If that jet had dumped Jet A on my childhood street, it would have been play time. And our parents would have blamed us for it.
When I was but a tyke, we lived in the oil fields of Texas’s northern panhandle. I had a swing set made of drill pipe, monkey bars made of drill pipe, a teeter totter, slide and climbing rack, the stair rails into the storm cellar—drill pipe.
A family friend named Jim Wolfe drove a big dualie oil-field truck with a big lifting yoke made of drill pipe. It snowed there in the panhandle sometimes and since the closest hill was somewhere in New Mexico, our version of sledding was an upturned junk car hood with a towing bridle made of ... drill pipe. A car hood in those days was half the size of an Olympic swimming pool, and weighed about as much. Towed behind Jim’s truck, it must have accommodated 10 screaming kids in various states of adrenaline rapture.
The ride made a looping roller coaster look like a drive in the park. Those big tires threw up a torrent of snow mixed with rocks, dirt, hibernating horned toads and bits of chewed up Yucca leaves, all boresighted on us, the sled passengers. We had no gloves, of course, much less helmets or goggles. It being the 1950s, before the discovery of parental restraint and the Child Product Safety Act, the turns were tight and fast, spilling half the kids into the snow in near lethal tumbles, to which we all responded with, “Can we go again, Mr. Wolfe?!”

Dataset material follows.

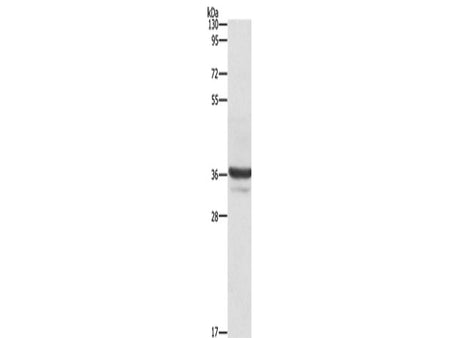 ANXA3 Polyclonal Antibody Store at -20°C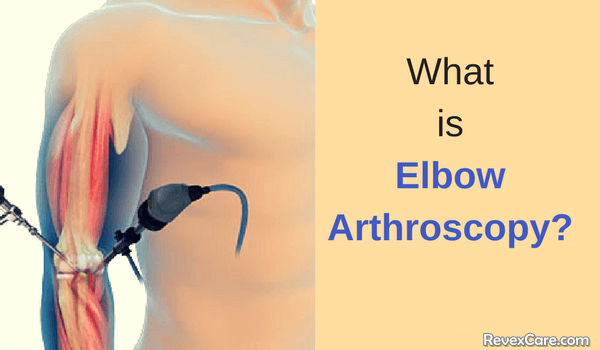 what is elbow arthroscopy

This ancient memory came rushing back as I was watching famed lawyer Gloria Allred consoling a weeping client whose child had just been slimed by a Delta 777 crew that unloaded a few tons of jet fuel over the neighborhoods around LAX on an emergency return to the airport last week. Slimed is maybe too strong. Misted, perhaps? Drizzled? Fogged? Or just exposed to the smell of Jet-A in the morning?
It made me wonder how us miscreant kids would have responded to such a thing. First of all, my mother would have said go air yourself out on your drill-pipe swing and don’t come back into the house until you stop stinking. As kids of the oil age growing up in an oil town, we all had natural noses for complex-hydrocarbon flash points and someone would have produced matches to try and light off the neighborhood. Not to be malicious, mind you, but just to see what would happen. Beatings would happen, actually, but in our minds, no doubt enfeebled by the Ethyl gas our parents dumped into cars like my Dad’s Rocket 88, it was always worth it.

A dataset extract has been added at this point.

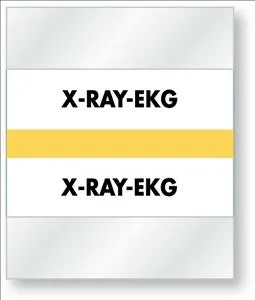 United Ad Label - ULCD27 - Pre-printed Label Laboratory Use White Paper X-ray Ekg Black Lab / Specimen 1-1/2 X 1-1/4 Inch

Ms. Allred, I’m sure, will extract a tidy settlement from Delta, but I mourn for the kids missing the kind of unique fun you can have with found chemicals that explode or burn uncontrollably, even if they sometimes make your eyes swell shut. We could only dream of such stuff falling from the heavens. Somehow, being strapped into a 30-G car seat with integrated juice box and optional arugula dispenser and shielded by a Baby on Board placard just isn’t the same, even if it assures you'll live past the age of six. Freedom from careening off an unpadded metal dashboard is overrated. What’s next, shots against measles?
As for the Delta crew—this is a blog about aviation, after all—I feel for ya bros. And it’s not lost on me that the dramatic photo of a jet with Delta plastered on the belly spewing kerosene out the vents is kind of a full-circle thing. Delta started as a crop-dusting outfit, named for the Louisiana portion of the Mississippi. While making light of the lawsuits, let’s all agree that spewing Jet-A over the suburbs is not a good look for The World’s Most Trusted Airline. It will not, however, strike the planet still on its axis.

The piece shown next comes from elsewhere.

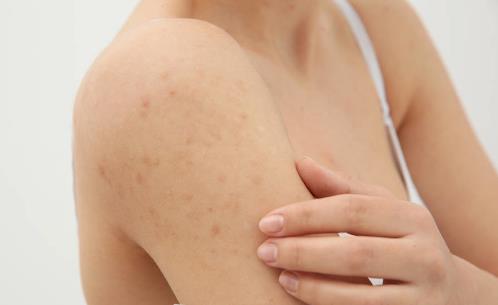 皮膚高度過敏怎么保濕 方法在這里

I’m sure the skipper has already done the rug dance and in the end, I predict it will be seen as one those odd lapses in aeronautical decision making of the sort we all commit in the privacy of our own little aviation bubbles, blessedly out of sight of any buzz kill lawyerly scolds.
If you’re thinking this, I’ll save you the trouble of typing it into the comments: OK, boomer. (And for the record, I happen to like arugula.)